« Liberté immuable ! » Sous ce mot d’ordre aussi pompeux que dérisoire, le président américain George W. Bush lance en octobre 2001 sa « guerre contre le terrorisme » en envahissant l’Afghanistan. N’avait-il pas expliqué, devant le Congrès américain :
Ils haïssent ce qu’ils voient dans cette assemblée, un gouvernement démocratiquement élu. Leurs dirigeants se désignent eux-mêmes. Ils haïssent nos libertés : notre liberté religieuse, notre liberté de parole, notre liberté de voter et de nous réunir, d’être en désaccord les uns avec les autres ?
« Ils », c’étaient « les terroristes », que le président américain s’engageait à traquer jusqu’aux confins les plus obscurs de la planète. La guerre serait longue, reconnaissait-il, et elle aurait comme terrain la terre entière, mais bientôt le Bien l’emporterait, le Mal serait éradiqué et la Liberté, avec un grand L et un accent américain, illuminerait des peuples subjugués et ravis.
La « communauté internationale » autoproclamée, en réalité réduite aux gouvernements occidentaux, ne pouvait que se rallier à de si martiaux propos. Utilisant la sidération des opinions créée par le 11-Septembre, nombre de politiques, d’éditorialistes, de « spécialistes » autoproclamés du terrorisme, d’intellectuels contribuèrent à mobiliser contre le nouvel ennemi, le terrorisme, confondu souvent avec l’islamisme, voire avec les musulmans.
REMPLACER LE 14-JUILLET PAR LE 11-SEPTEMBRE
D’autres exaltaient « une résistance » aussi indispensable que celle qui s’était dressée contre le nazisme. « Oh, je sais, s’exaltait l’écrivain Philippe Sollers,
il y a encore pas mal de travail à faire là-bas, du côté de Kaboul, de Ramallah, de Bagdad. (…) Mais enfin, le Mal sera terrassé, c’est l’évidence même. Je trouve qu’on tarde trop, d’ailleurs. Pourquoi ces atermoiements ? Ces freinages ? Ces pseudo-scrupules ? Ces onuseries qui ne trompent personne ? Il faut frapper, encore et encore. Le 11-Septembre l’exige.
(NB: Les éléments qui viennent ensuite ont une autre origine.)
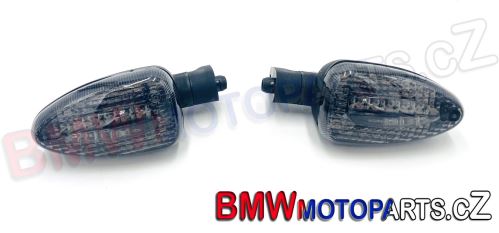 LED blinkry BMW R1200, K1200, F800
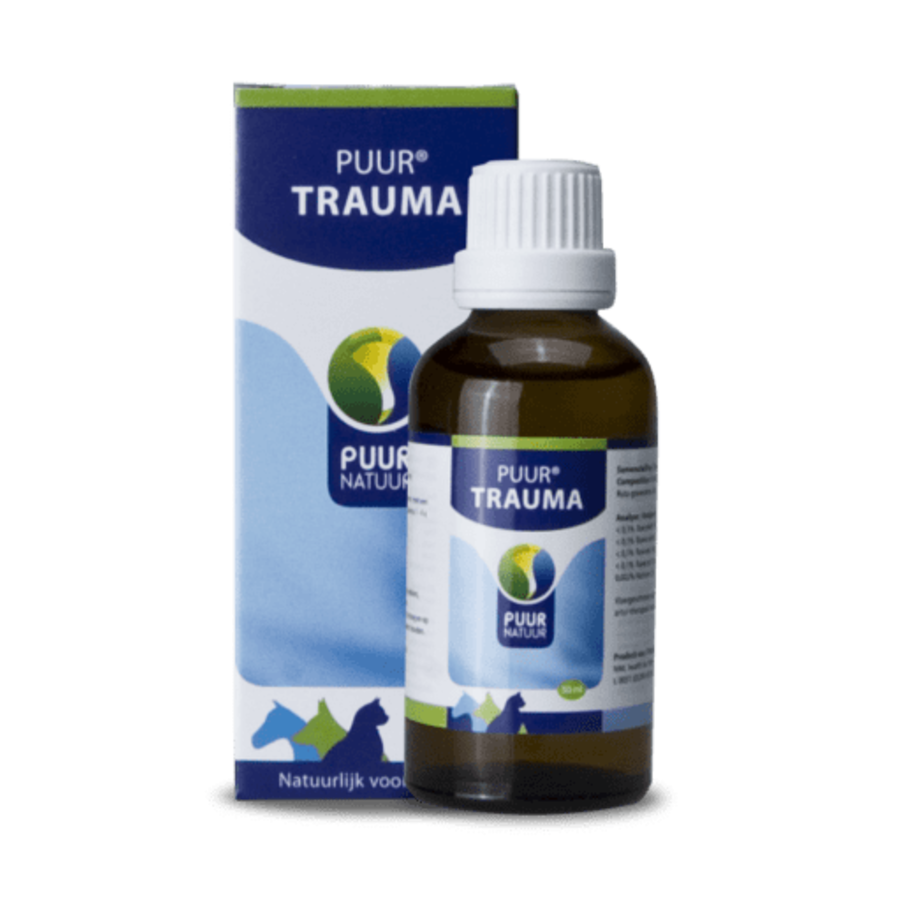 Trauma 50ML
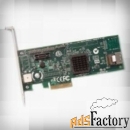 контроллер lsi logic | lsi00132 | pci-e4x / sas / raid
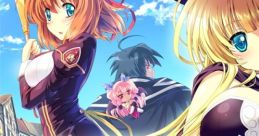 Re;Lord ~Herford no Majo to Nuigurumi~ Original track Re；Lord ～ヘルフォルトの魔女とぬいぐるみ～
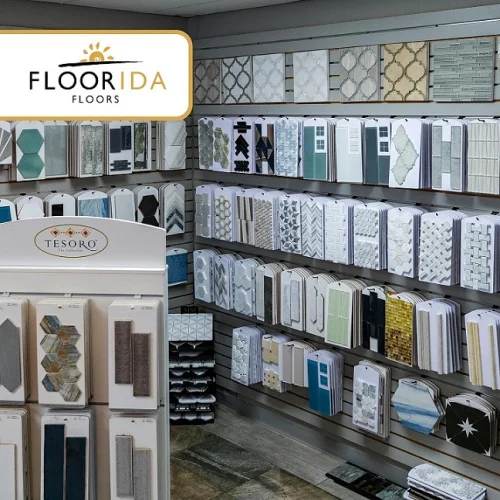 Floorida Floors showroom 1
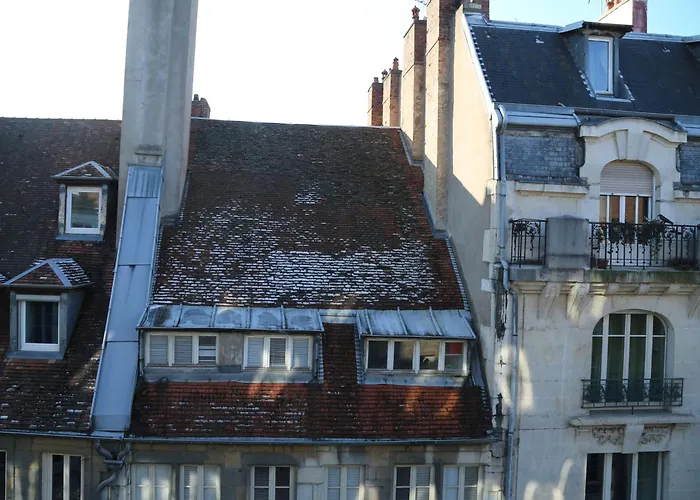 *Hypercentre*Spacieux*Calme - Le Vauban - Cocoonhome
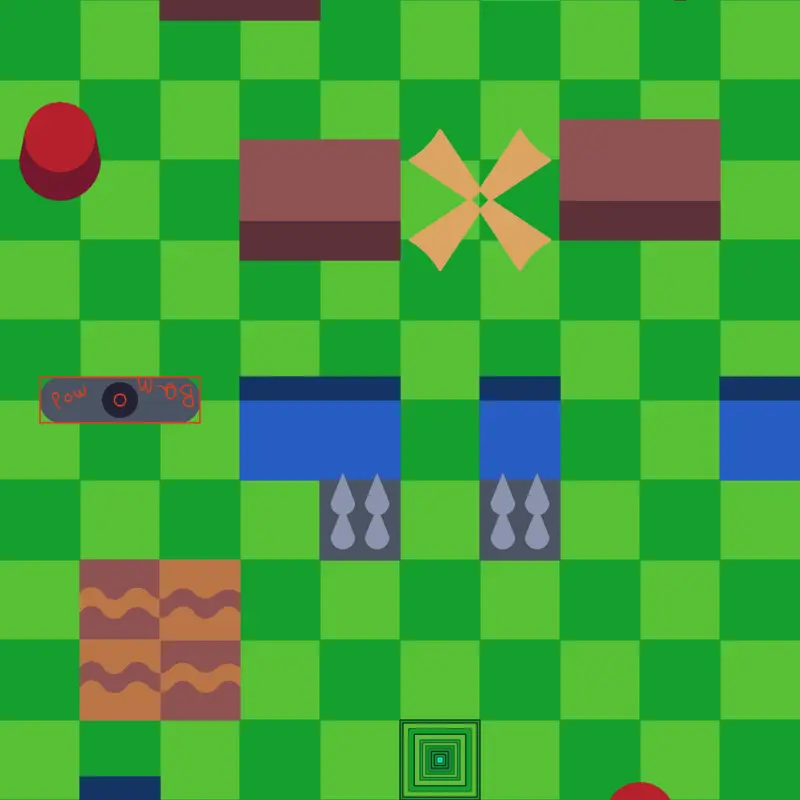 Game by @rgclark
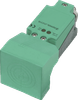 Inductive sensor - NJ40+U4+E2-V1 - Pepperl+Fuchs SE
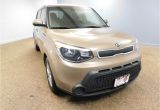 Kia Dealer In north Port Florida 2015 Used Kia soul 5dr Wagon Manual at north Coast Auto Mall Serving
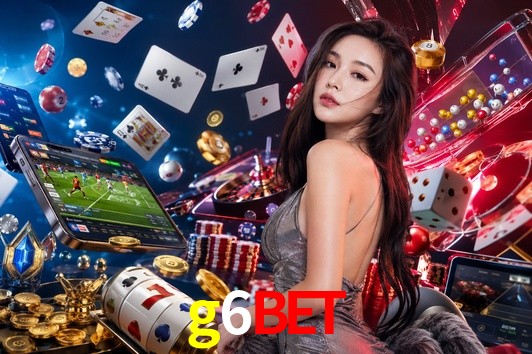 Slot Games g6bet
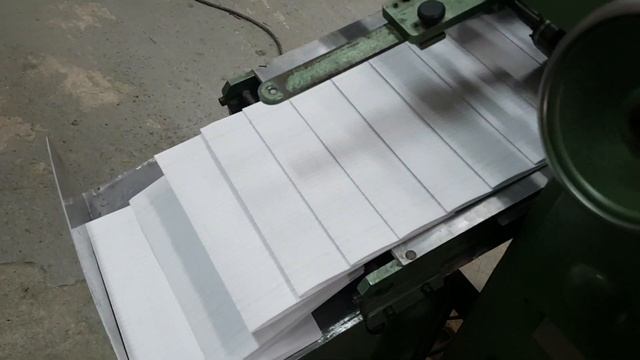 Masina De Faltuit Stahl K38 4 K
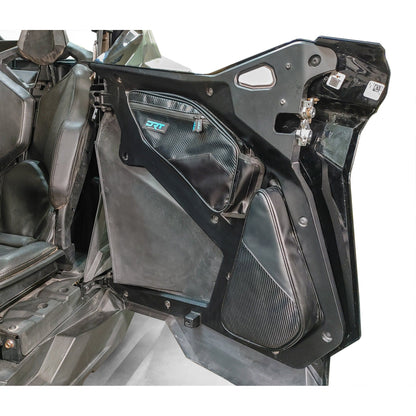 DRT RZR Pro XP 2020-2024 Door Bags - Rear Pair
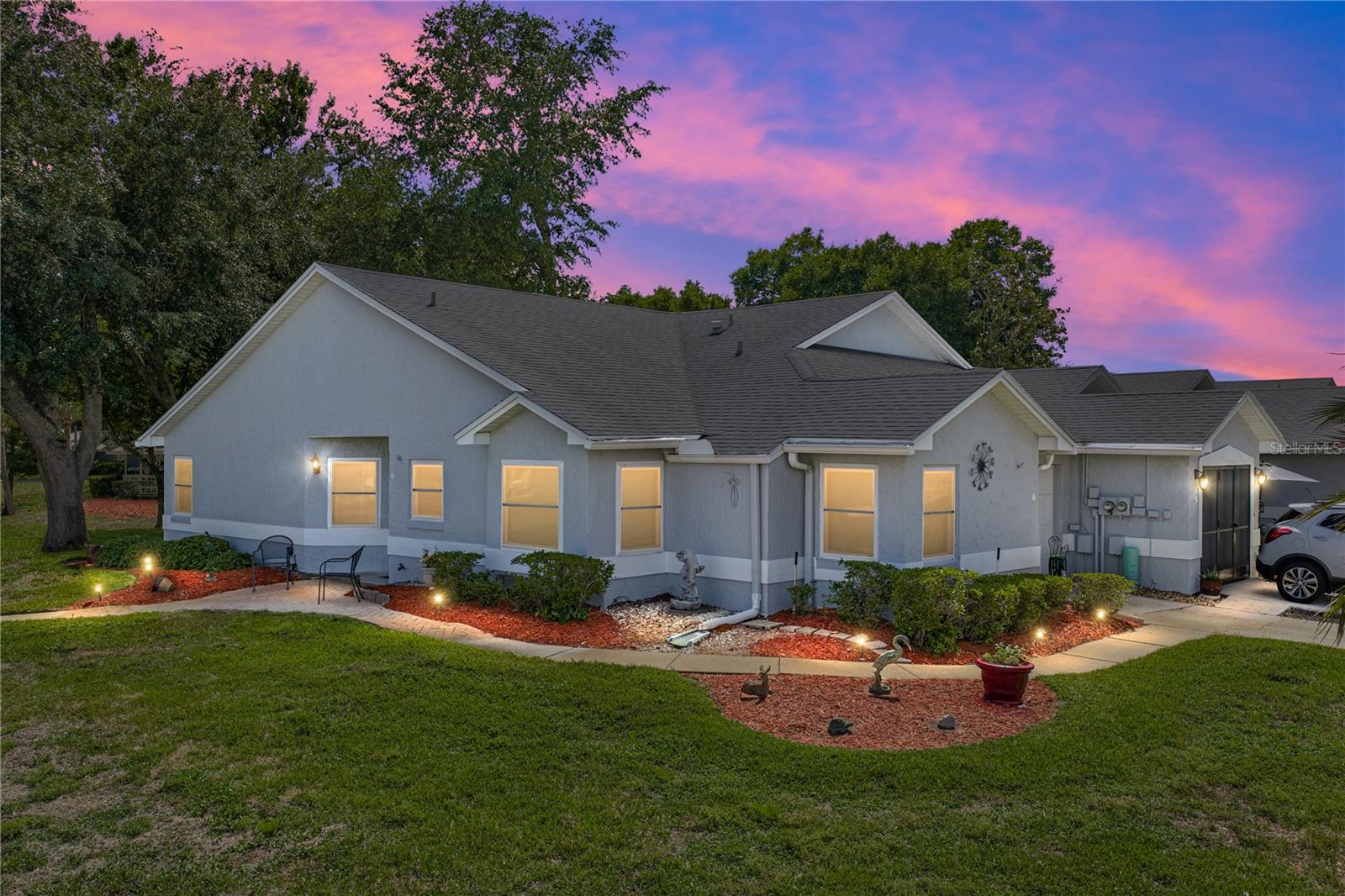 6380 EGRET DR #6, LAKELAND, FL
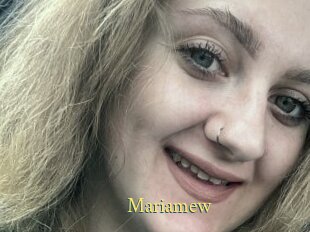 Mariamew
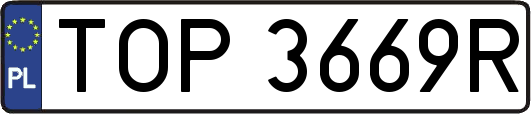 TOP3669R
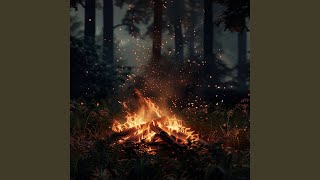 Fireside Harmonics for Deep Sleep
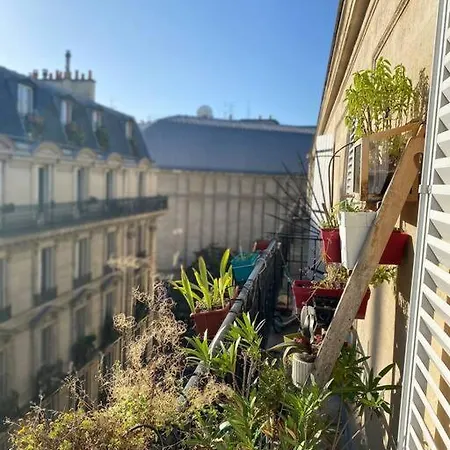 Tres Lumineux Paris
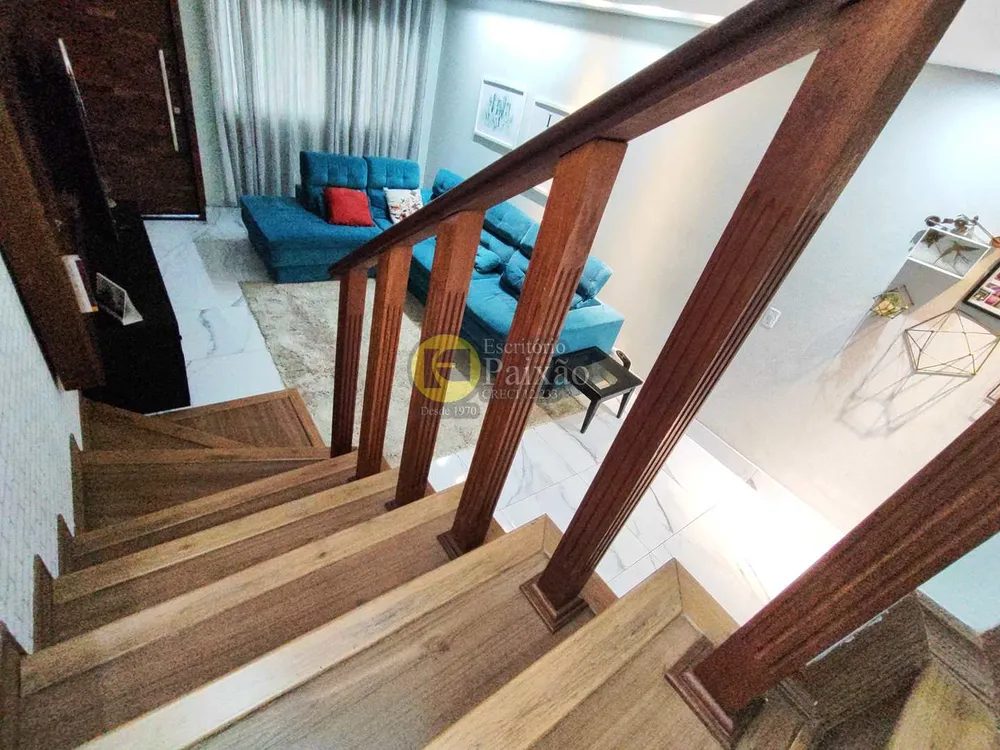 Sobrado, 2 quartos, 125 m² - Foto 5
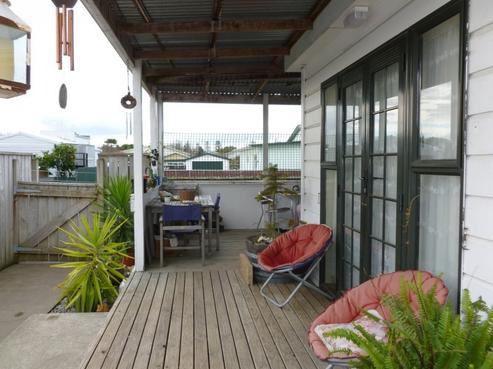 26A Ashridge Road, Napier South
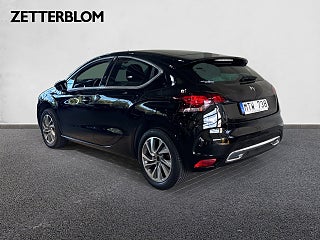 Halvkombi Citroën DS4 3 av 14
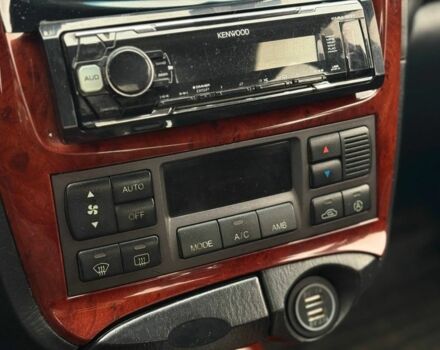 Серый Хендай Соната, объемом двигателя 2 л и пробегом 330 тыс. км за 2800 $, фото 9 на Automoto.ua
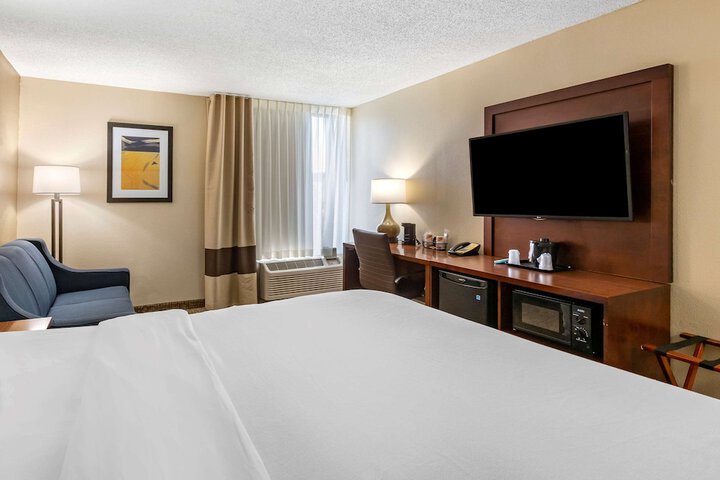 1 King Bed (3 of 15)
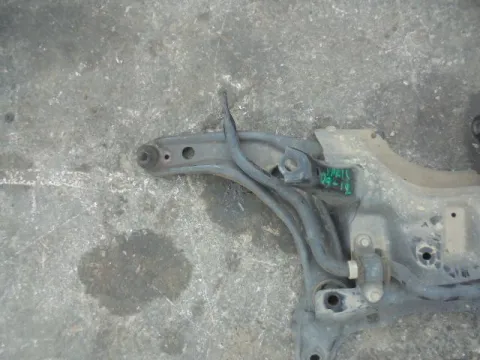 Ψαλίδι Εμπρός Αριστερό για TOYOTA YARIS (2009 - 2012) (XP90) / 1300 (1NR-FE) Petrol 100 ( NSP90 ) ΠΑΛΕΤΑ *1* *276664* Ψαλίδι Εμπρός Αριστερό για TOYOTA YARIS (2009 - 2012) (XP90) / 1300 (1NR-FE) Petrol 100 ( NSP90 ) ΠΑΛΕΤΑ *1* *276664*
Le 11-Septembre est l’horizon indépassable de notre temps. Plus de 14-Juillet : 11-Septembre. Espérons que les Français, toujours un peu à la traîne de la vraie conscience historique, finiront par s’en convaincre et par s’aligner sur la nouvelle religion2.
Cette « nouvelle religion », c’est « la guerre contre le terrorisme ». Mais de quoi parlait-on exactement ? Le général prussien Carl Von Clausewitz (1780-1831) expliquait que « la guerre est la continuation de la politique par d’autres moyens ». Et il insistait : « La première et la plus vaste question stratégique est de juger correctement du genre de guerre dans laquelle on s’engage », et de définir les objectifs à atteindre pour parvenir à la victoire. Mais éliminer « le terrorisme », cette forme de violence qui a marqué chaque étape de l’histoire humaine sous des visages multiples, utilisée par des acteurs aux convictions parfois antagonistes, n’a, au sens strict, aucun sens. Même les Croisades, guerres religieuses menées contre l’islam, visaient un objectif concret, « la libération du tombeau du Christ », et pas la conversion de la planète.
Un coup d’œil sur la Global Terrorism Database de l’université de Maryland illustre à sa manière le confusionnisme qui domine. Elle dresse le relevé des « attentats terroristes » à travers le monde3, avec nombre d’informations intéressantes sur les principaux terrains d’instabilité – même si on n’est pas surpris d’apprendre qu’il s’agit du Yémen, de l’Afghanistan et de l’Irak. Mais le rapport additionne une attaque de suprémacistes blancs aux États-Unis et un attentat-suicide de l’organisation de l’État islamique en Afghanistan, y rajoute une pincée d’actions des restes de guérilla en Colombie et un attentat antisémite en Europe pour produire un salmigondis indigeste.
Cette confusion — multiplication des ennemis, flou des objectifs — a contribué aux échecs répétés de « la guerre contre le terrorisme », même si le complexe militaro-industriel américain naguère dénoncé par le président Dwight D. Eisenhower en a tiré de substantiels profits. Comme l’écrivent dans leur ouvrage La Guerre de vingt ans (Robert Laffont, 2021) Marc Hecker et Élie Tenenbaum,
La définition large de la menace terroriste adoptée par l’administration Bush — incluant non seulement Al-Qaida, mais aussi un grand nombre de groupes armés et d’“États voyous”, du Hezbollah à la Corée du Nord — allait donner lieu à ce qui peut être rétrospectivement considéré comme l’une des erreurs majeures de ces premières années.